I normally feel pretty good.  Most days anyway.  But sometimes, I get to feeling down.

With me, I get depressed when I think too much about the overall state of things in this world.  I sometimes find it difficult to have that general good humor about it all, and not worry about everything.

The most pressing idea that seems to surface in my mind, which both amazes me, and depresses me, is the story of the origin of everything.

The Big Bang is just a crazy tale.  If it wasn’t backed by all this scientific evidence, I’d laugh it all off as insanity.  But considering it IS true, that means the story of my life is insanity.

It all goes something like this.  Space started to expand, like a balloon being inflated with air, by some force currently unknown to us.  The universe we live in is kind of like a three dimensional version of a balloon’s surface.
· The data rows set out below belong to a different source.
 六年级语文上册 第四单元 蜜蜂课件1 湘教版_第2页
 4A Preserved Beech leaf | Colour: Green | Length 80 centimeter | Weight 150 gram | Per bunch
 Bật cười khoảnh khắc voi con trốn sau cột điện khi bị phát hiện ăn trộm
It loops back onto itself.  In other words, if you were to stand on a high mountain somewhere, fire off a laser into space, and assume that it doesn’t hit anything along the way, it would eventually come back around and hit you in the back.  That is, if you stood there a VERY VERY long time.

According to Cosmologists, the universe was intially filled with radiation.  The same sort of radiation your cell phone uses to communicate with the towers, or the radio waves your car receives as you’re driving down the road.  As “space” started to expand, a strange thing happened.  The radiation went through some changes, and eventually ended up becoming matter.  This matter is known as the “primordial” matter, which is hydrogen and helium, which are the simplest elements.
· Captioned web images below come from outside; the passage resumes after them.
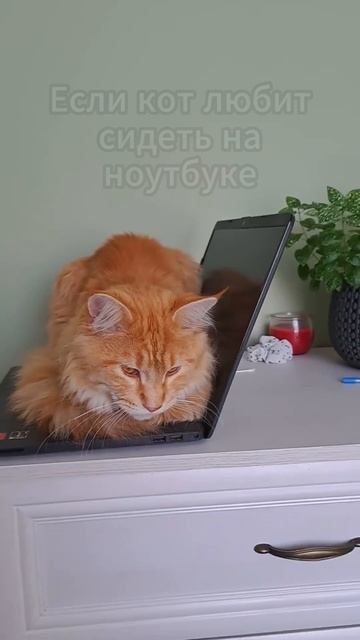 кот программист 😄 смотреть онлайн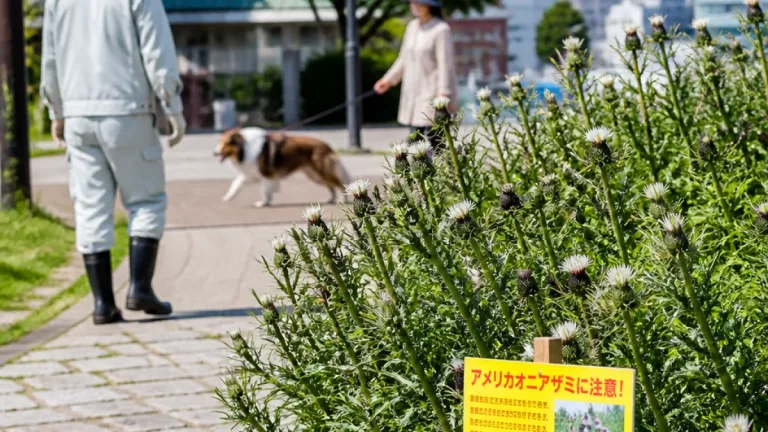 函館市街地でアメリカオニアザミ繁殖 拠点周辺で刺さる危険が拡大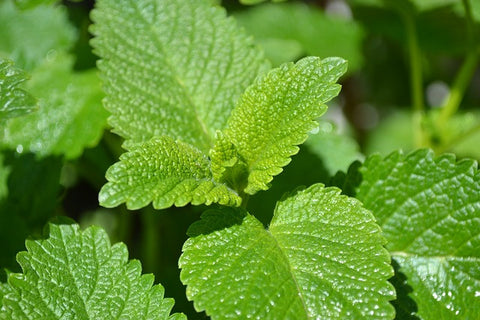 Lemon Balm Leaf Powder Bulk By The Ounce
They also believe “dark” matter was created at this same time.  Astronmers know about dark matter due to the rotation rates of galaxies.  Under normal circumstances the matter on the outskirts of the galaxies should be moving slower than the matter near the center.  Due to calculations of angular momentum, and gravity, and watching rotation rates at different points of observed galaxies, scientists conclude there must also be “dark” matter all over, but they don’t know much about it, other than that it exists, and pulls on the stars of galaxies with gravity.

So this “dark” matter also came into existence during this weird expansion of space.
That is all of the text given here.